Captioned web images
• • •

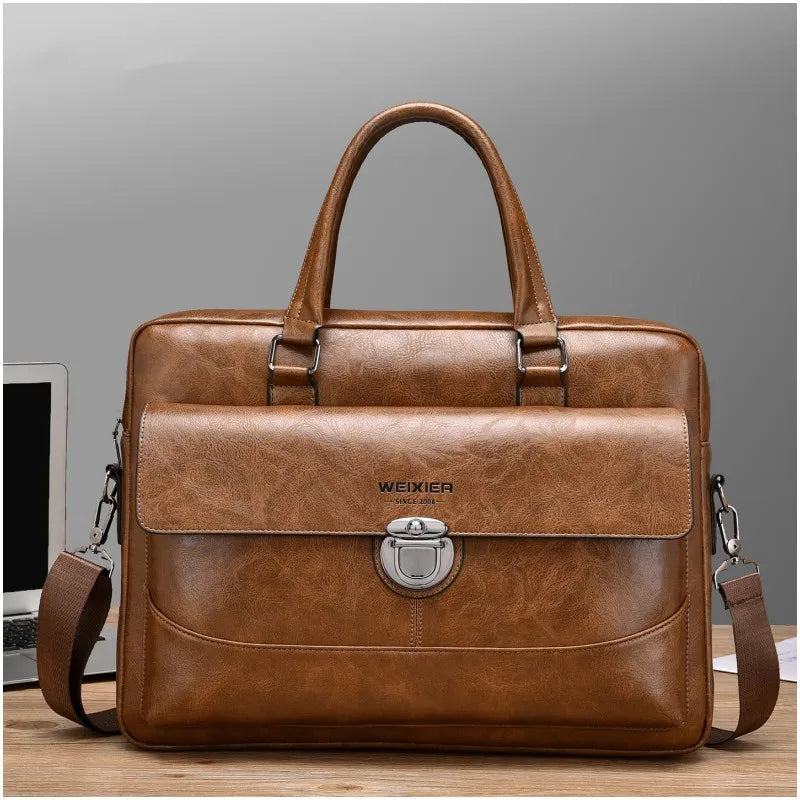 Mallette business en cuir PU pour homme avec bandoulière amovible — photo 2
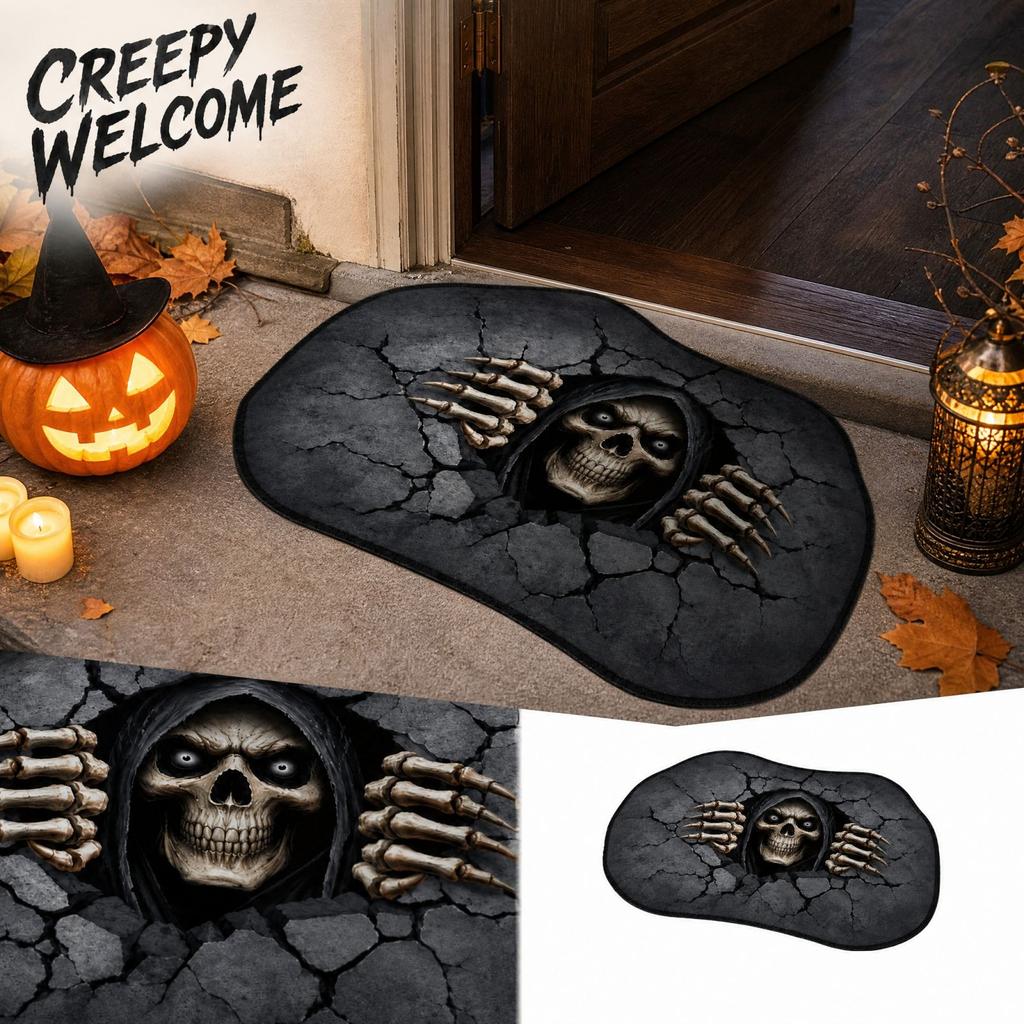 Halloween Novelty Doormat for Front Door Entryway and Porch Decor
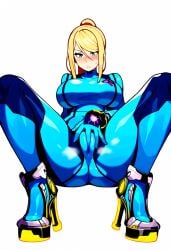 ai_generated cameltoe fingering_through_clothes masturbation metroid puffy_pussy samus_aran zero_suit zero_suit_samus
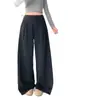 Pantalones de Chándal Anchos de Cintura Alta con Cordón Estilo Coreano para Mujer, Suaves, Amigables con la Piel, de Largo Completo, Joggers Versátiles para el Uso Diario, Ropa para Mujer, Fuente de Suministro Transfronteriza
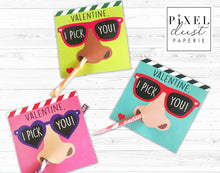 Load image into Gallery viewer, Funny Nose Picker Printable Valentine Treat Holder Cards
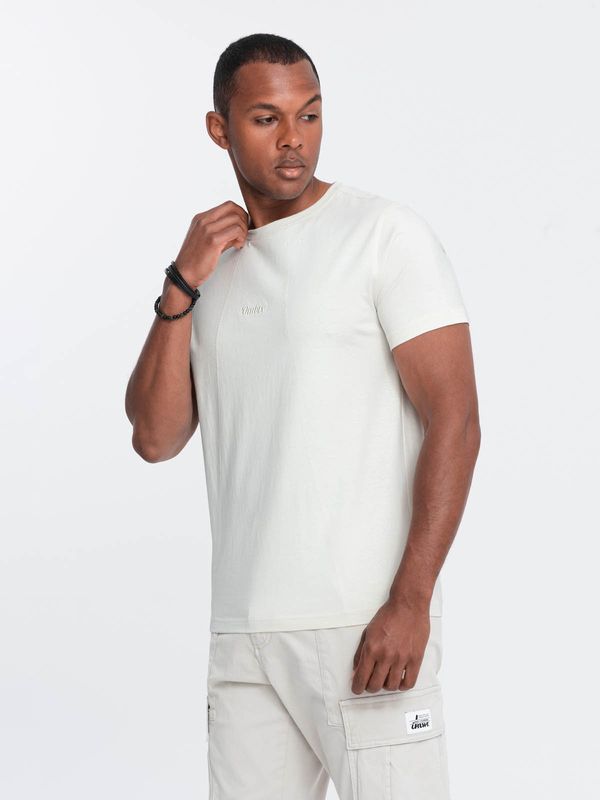 Ombre Ombre Men's cotton T-shirt with delicate embroidery - cream
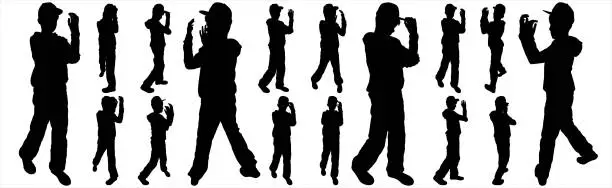 Vector illustration of Big set of teenage silhouettes of hip-hop dancers on a white background. A teenager in a cap and tracksuit dances a break. Dancing boy in a hat. Black silhouettes of hip-hop dancers. Front view.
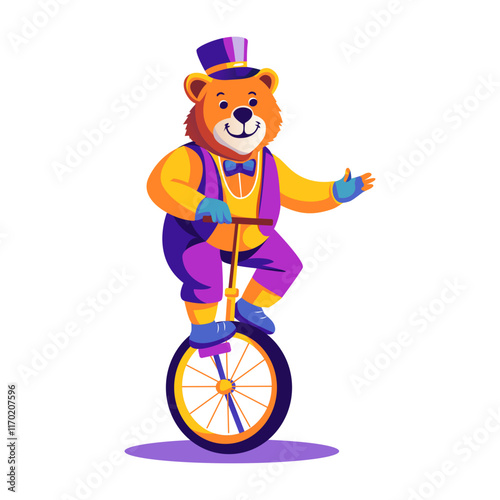 Circus bear riding one wheel bicycle illustration in flat style 

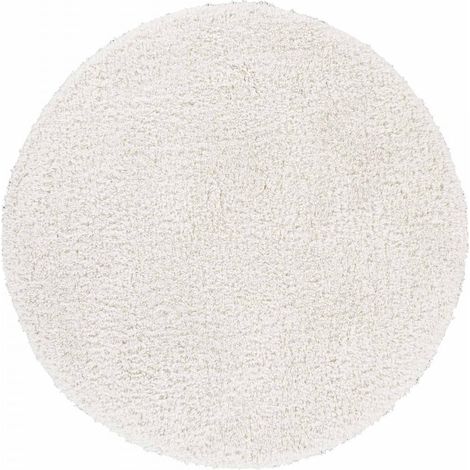 Tapis shaggy Ø100cm crème tissé rond motif uni LYN4 UNILA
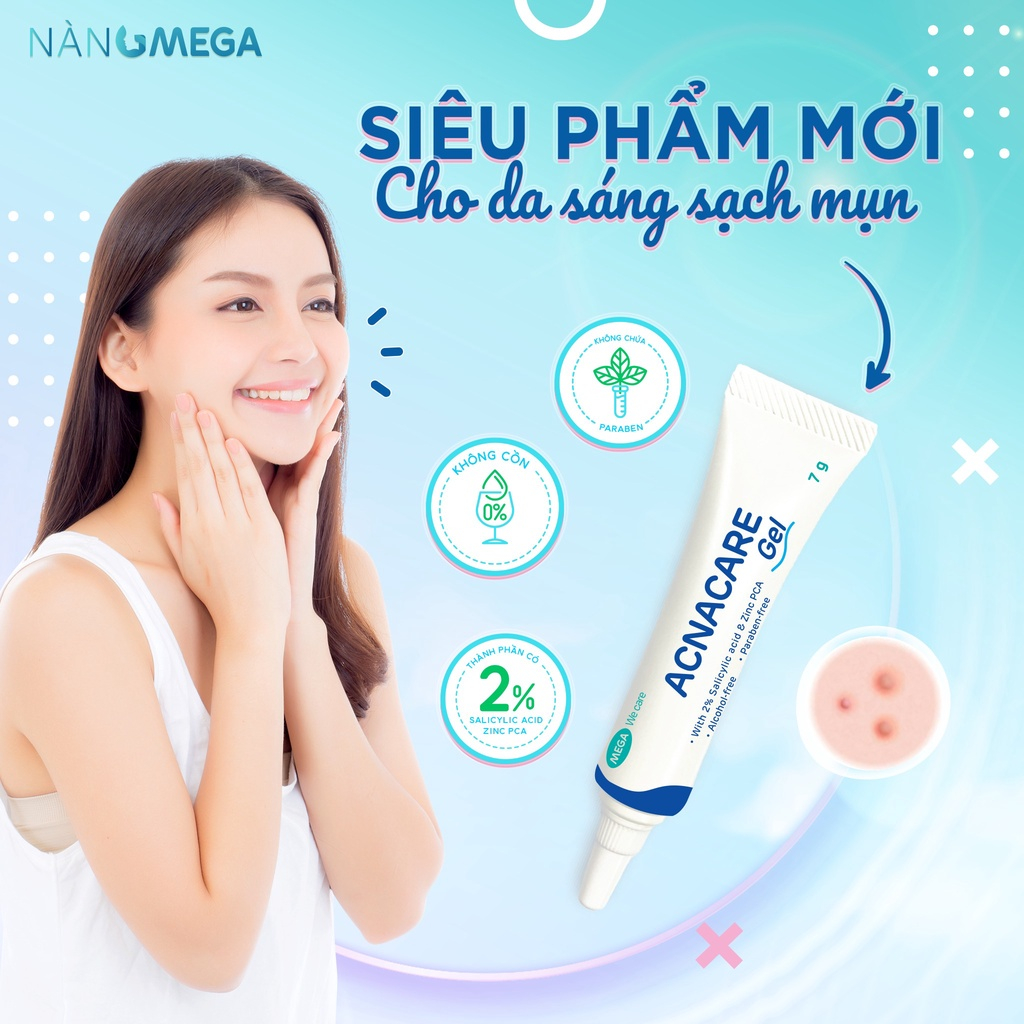 Viên uống, gel Acnacare  giảm tiết bã nhờn da dầu, ngăn mụn, chống oxy hóa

• • •

**The problem**
Copy out nothing but the lines from the beginning of the records through the one that contains "Load image into". Skip the pictures.

**Answer to this exercise**
 Mallette business en cuir PU pour homme avec bandoulière amovible — photo 2
 Halloween Novelty Doormat for Front Door Entryway and Porch Decor
 ai_generated cameltoe fingering_through_clothes masturbation metroid puffy_pussy samus_aran zero_suit zero_suit_samus
 Pantalones de Chándal Anchos de Cintura Alta con Cordón Estilo Coreano para Mujer, Suaves, Amigables con la Piel, de Largo Completo, Joggers Versátiles para el Uso Diario, Ropa para Mujer, Fuente de Suministro Transfronteriza
 Load image into Gallery viewer, Funny Nose Picker Printable Valentine Treat Holder Cards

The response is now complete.